Thursday 22 November 2012

Do You Remember A Horse Called Reminiscence Bump?

Take a moment and think back to one of your most memorable race days. It could have been a favourite horse, a winning bet or a day when everything you touched turned to gold. Now consider that memory retrieved from a period when you were aged 10 to 30 years? This phenomenon is known by psychologists as the reminiscence bump. It is distinguished by an increase in recall of memories relative to memories that precedes it and those that follow. There have been dozens of studies  leading to researcher David Rubin to say: ''It is one of the most reliable empirical observations in cognitive psychology.''  Interestingly, the reminiscence bump may be observed in different types of autobiographical knowledge.  Sehulster (1996) noted recall of films, while other researchers highlighted books, music & public events. Rubin et al., (1998) indicated that these memories are more accurate & important than memories from other time periods and rated highly likely to be included in one's autobiography. So the next time you are talking to middle-aged or older adults about horse racing stories don't be surprised if they fall within this golden age of memories. Most typically, the period of 10 -25 years of age. 

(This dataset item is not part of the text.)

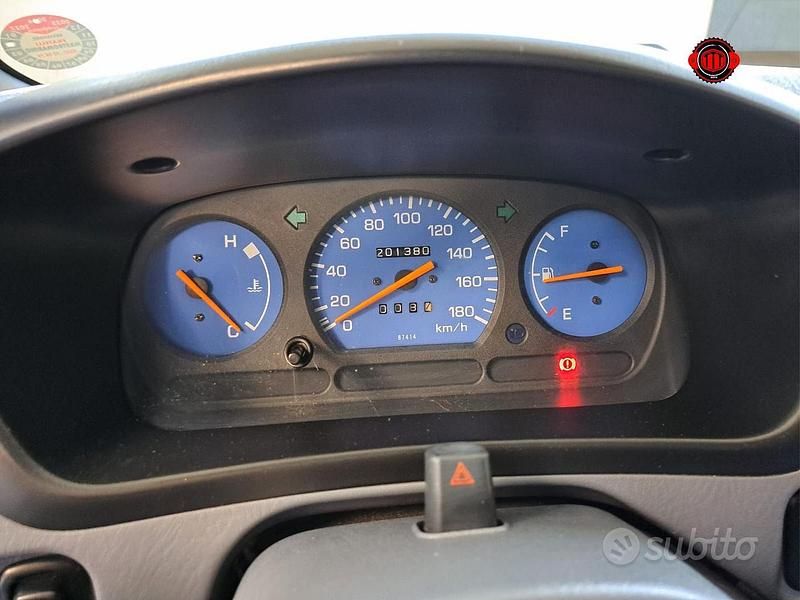 Usata Daihatsu Terios 2000 Blu SUV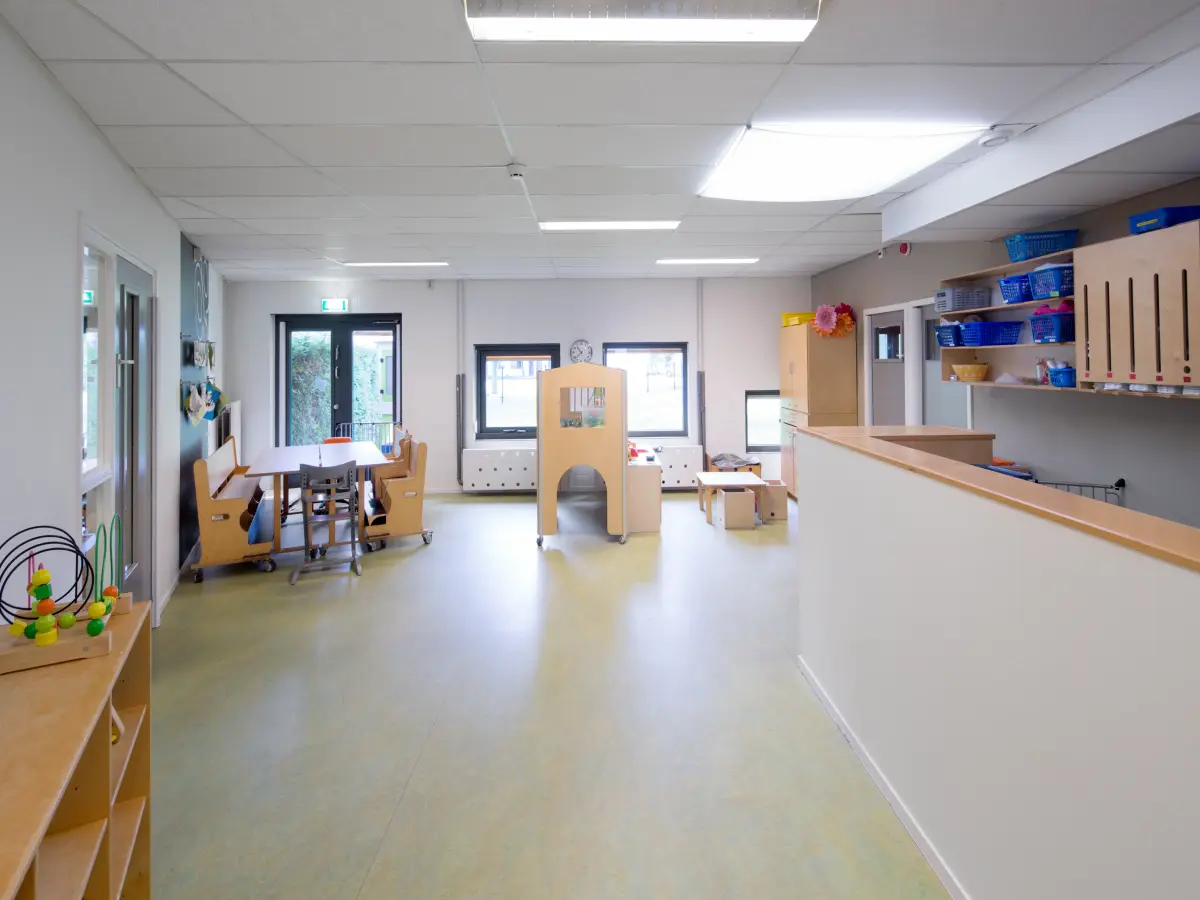 Zimmer mit Theke und Spielecke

The reminiscence bump is not dominated by first time experiences but idiosyncratic experiences to individual rememberers. However, contrary to earlier research, Holmes & Conway (1999) suggested that such memories are not more vivid (the idea that memory encoding is at its peak efficiency during this period). These memories are not always of pleasant experiences. The key aspect is that no special effort is made to recall them. A more complex explanation was given by Rubin (2002). He hypothesized that ''Events from the bump period are remembered best because they occur when rapid change is giving way to relative stability that lasts at least until retrieval''. In essence, these novel experiences more fully engage encoding processes and become highly accessible.  Fitzgerald (1988) proposed that many memories are of self-defining experiences. 

What is your horse racing reminiscence bump?